A l’annonce du décès de Mathieu-Jean Gensin, la ministre de la Culture et de la Francophonie, Françoise Remarck, rendait déjà un hommage à l’artiste-peintre qu’elle considérait comme un « artiste visionnaire, bâtisseur de ponts entre les cultures caribéenne et africaine ». Le mercredi 08 juillet 2026, à la salle Augustin Sidi Diallo de Ivosep-Treichville, elle représentait le gouvernement lors de la cérémonie de présentation de condoléances à la famille de l’artiste-plasticien. « Hier, mercredi 08 juillet, dans la soirée, c’est au nom du président de la République, Alassane Ouattara, et du Gouvernement, avec à sa tête le Premier ministre, Chef du Gouvernement, Robert Beugré Mambé, que je me suis rendue à la salle Augustin Sidi Diallo de Ivosep-Treichville pour présenter mes condoléances les plus attristées ainsi que ma compassion à la famille de feu Mathieu-Jean Gensin, dit Xisparu, artiste-plasticien, rappelé à Dieu le 1er juillet 2026 », peut-on lire dans une publication sur les réseaux sociaux de la ministre Françoise Remarck.

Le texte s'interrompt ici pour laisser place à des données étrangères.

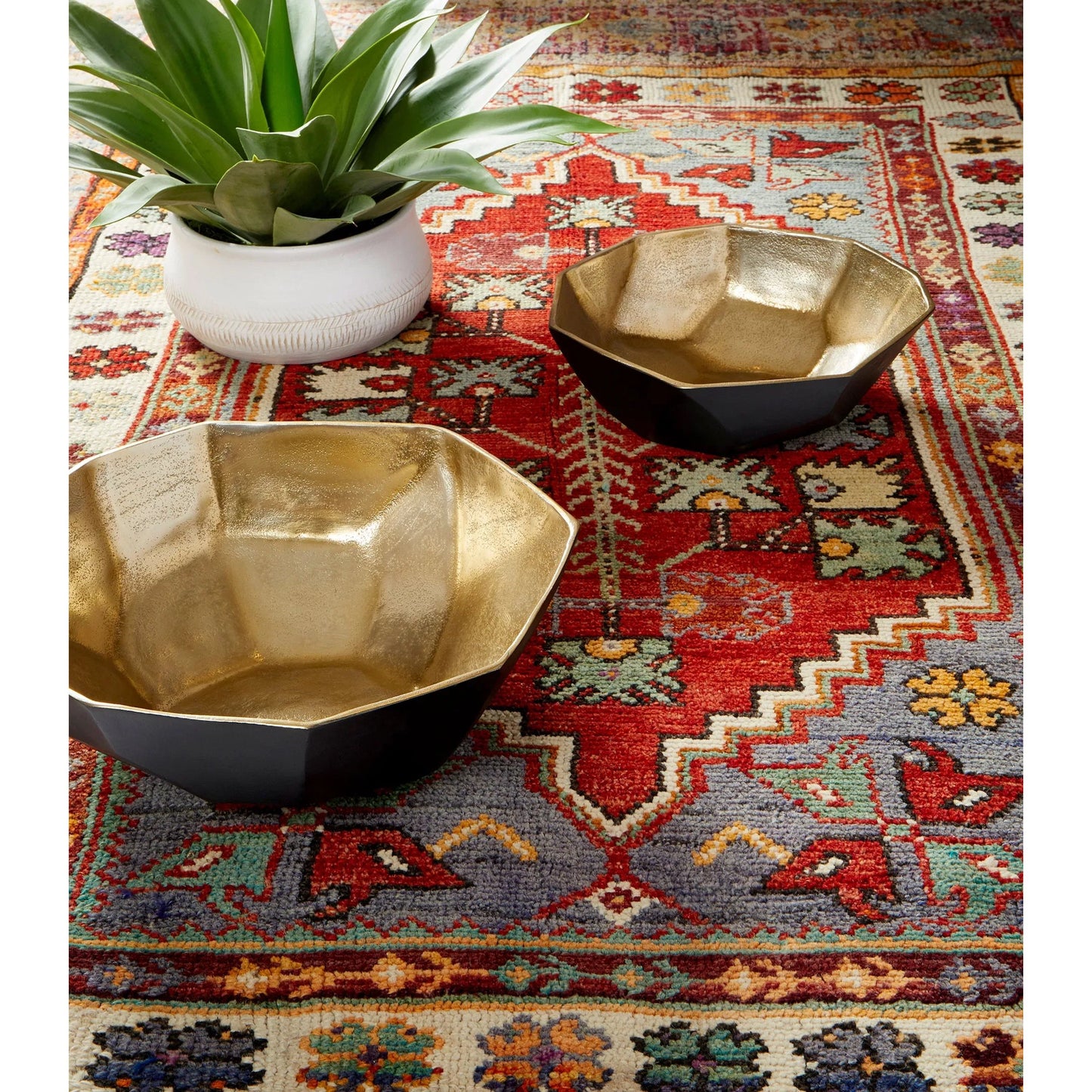 003 SR-778461 | Lifestyle | Radia Bowl by Cyan Design in matte black, gold. Made from aluminum in a modern style.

La ministre Françoise dont la dernière rencontre avec Mathieu-Jean Gensin s’est faite à la galerie Eurêka a déploré que le grand vide que ce départ de Xisparu laisse. « Xisparu laisse un grand vide dans le paysage culturel ivoirien ». De fait, depuis son arrivé en Côte d’Ivoire en 1959, l’artiste a fait de la Côte d’Ivoire sa terre d’accueil jusqu’à devenir le premier professeur d’arts plastiques du pays. « Il est une des figures picturales majeures de notre pays, il aura, par son talent et sa contribution à la formation de plusieurs générations d’artistes, marqué son époque et demeurera à jamais dans la mémoire collective », a-t-elle témoigné.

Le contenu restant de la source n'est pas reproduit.